◆ Problem details: The result should be the lines from the one that contains "Trump 2024 Ill Be Back T-shirt" to the final line of the entries below, copied exactly and with no pictures.

◆ Image-text web data:
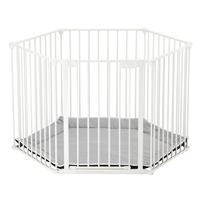 Baby Dan BabyDen Playpen White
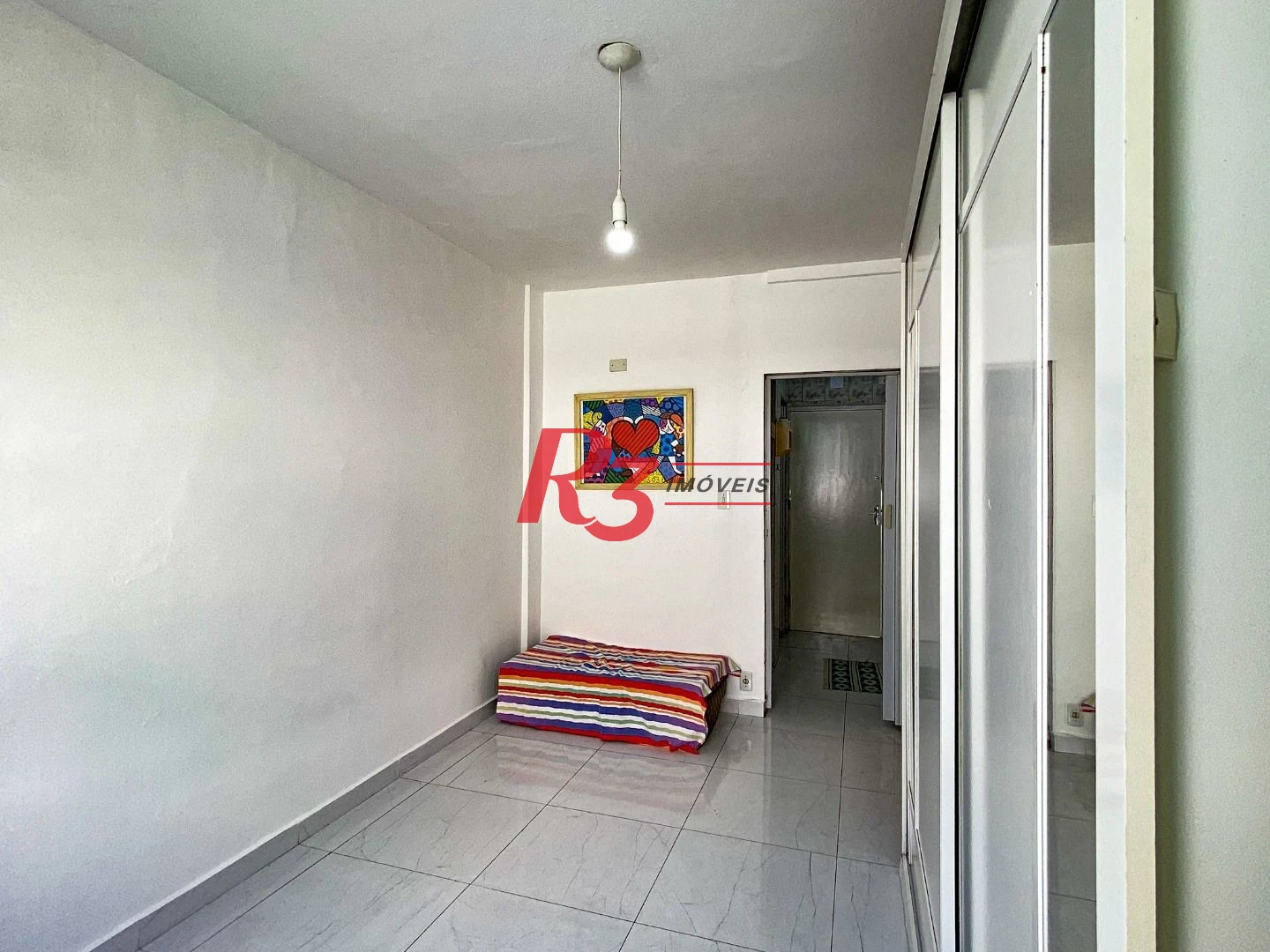 Kitnet à venda, 28 m² por R$ 250.000,00 - José Menino - Santos/SP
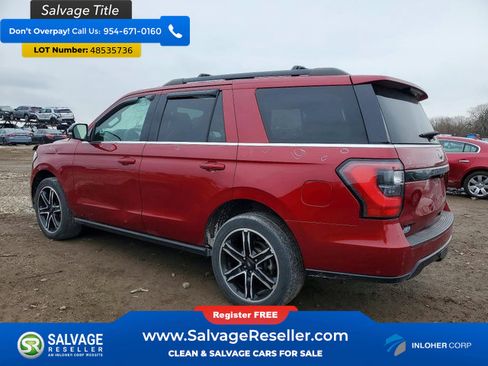 Used 2019 Ford Expedition Limited w/ Equipment Group 303A AWD/4WD image 3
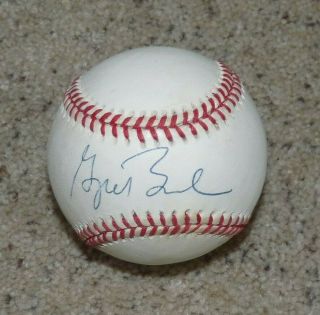 George W Bush Hand Signed Autographed President Baseball - Jsa Certified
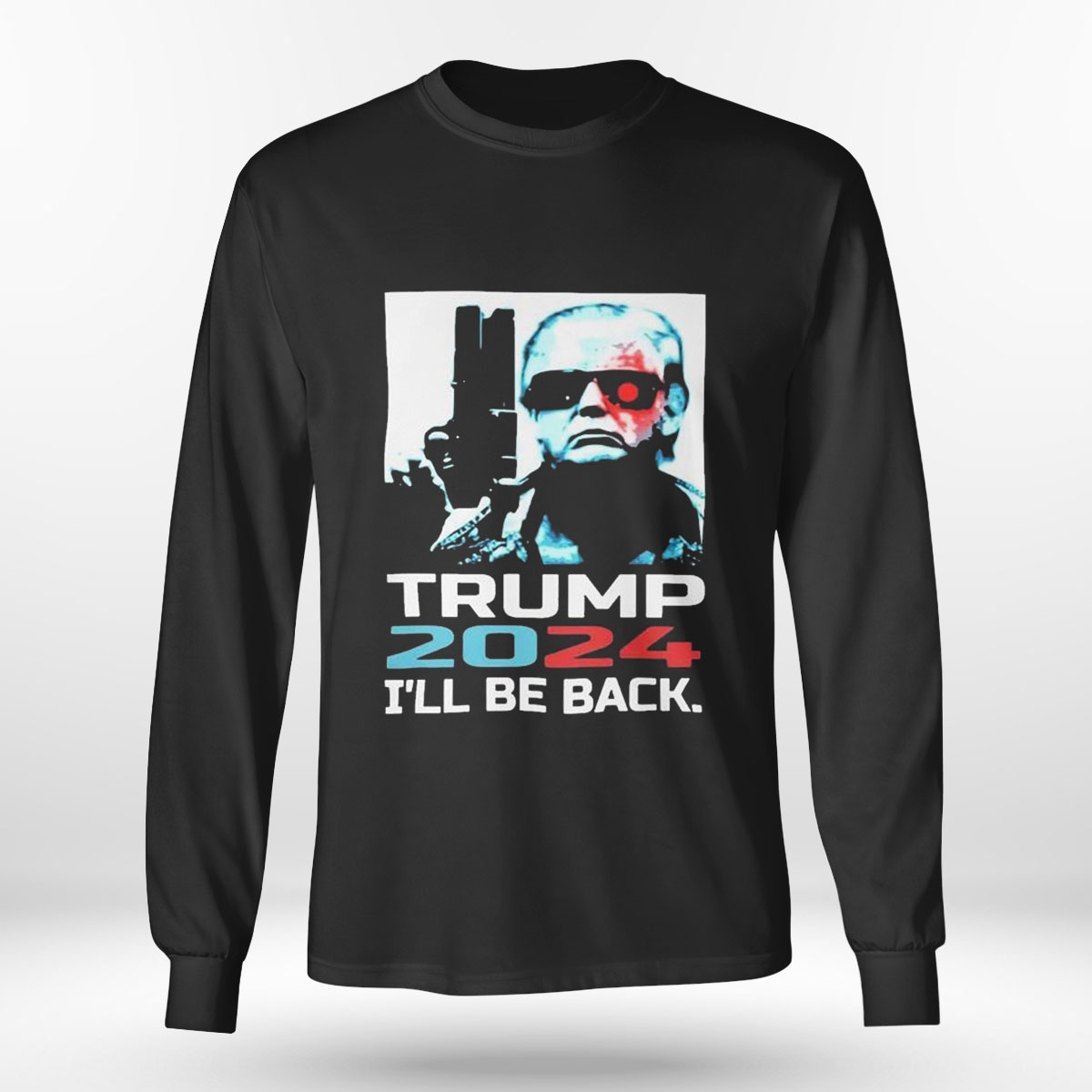 Trump 2024 Ill Be Back T-shirt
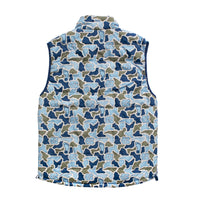 North Carolina Tar Heels Camo - Reversible Vest
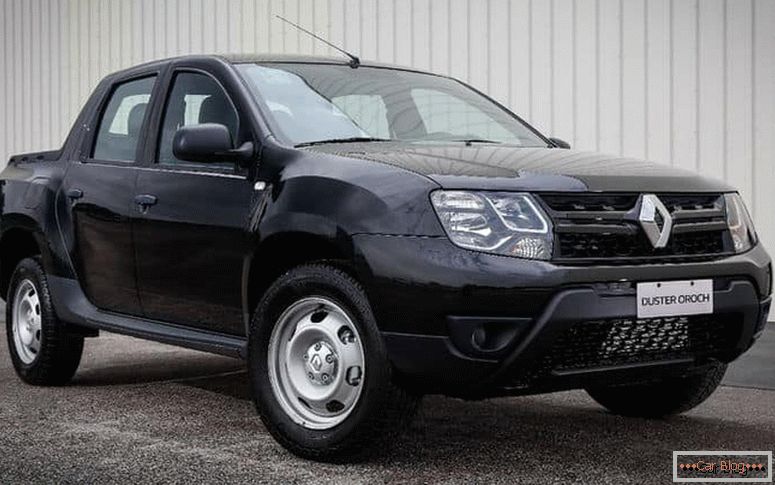 Brazilian office Renault has released a budget version of the Duster Oroch Express
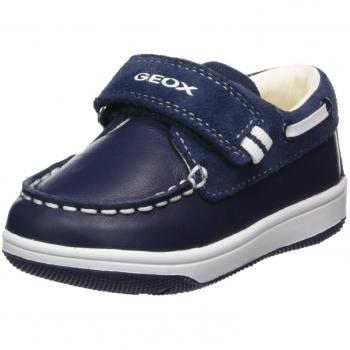 Geox B New Flick Boy A B821, Zapatillas para Niños, Azul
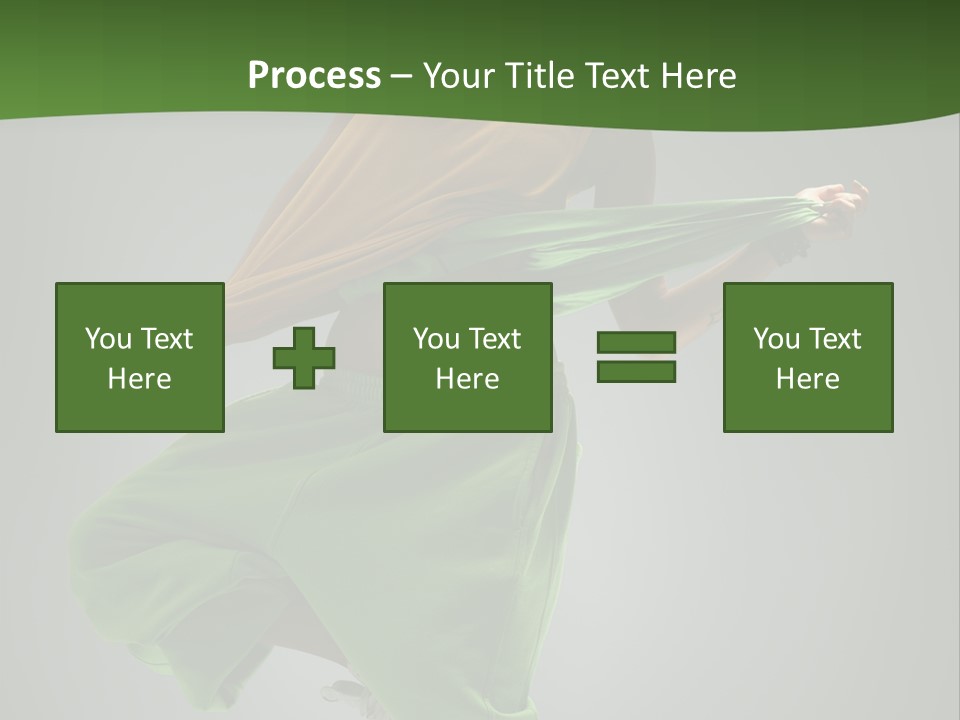 Active Fitness Elegance PowerPoint Template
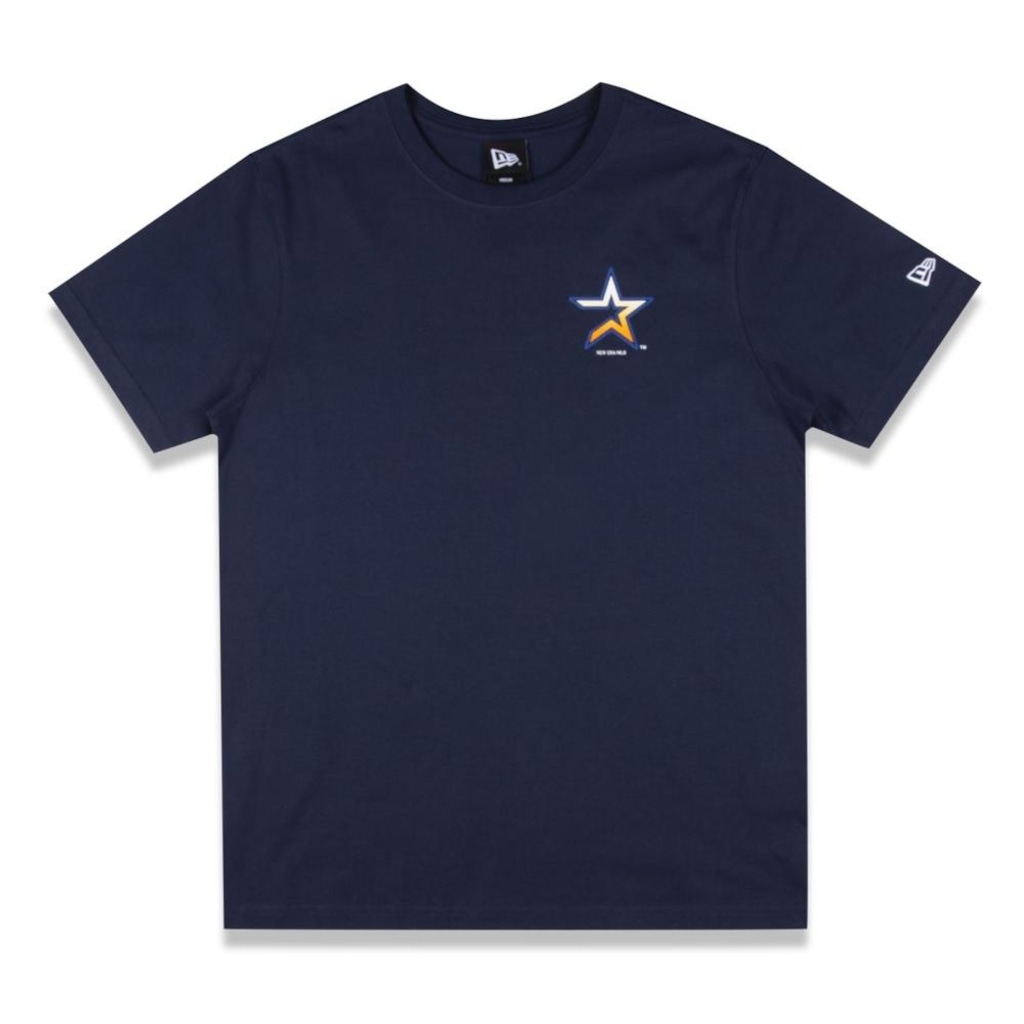 Camiseta New Era Lifestyle Houston Astros MLB Masculina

◆ Exercise answer:
 Trump 2024 Ill Be Back T-shirt
 North Carolina Tar Heels Camo - Reversible Vest
 Brazilian office Renault has released a budget version of the Duster Oroch Express
 Geox B New Flick Boy A B821, Zapatillas para Niños, Azul
 Active Fitness Elegance PowerPoint Template
 Camiseta New Era Lifestyle Houston Astros MLB Masculina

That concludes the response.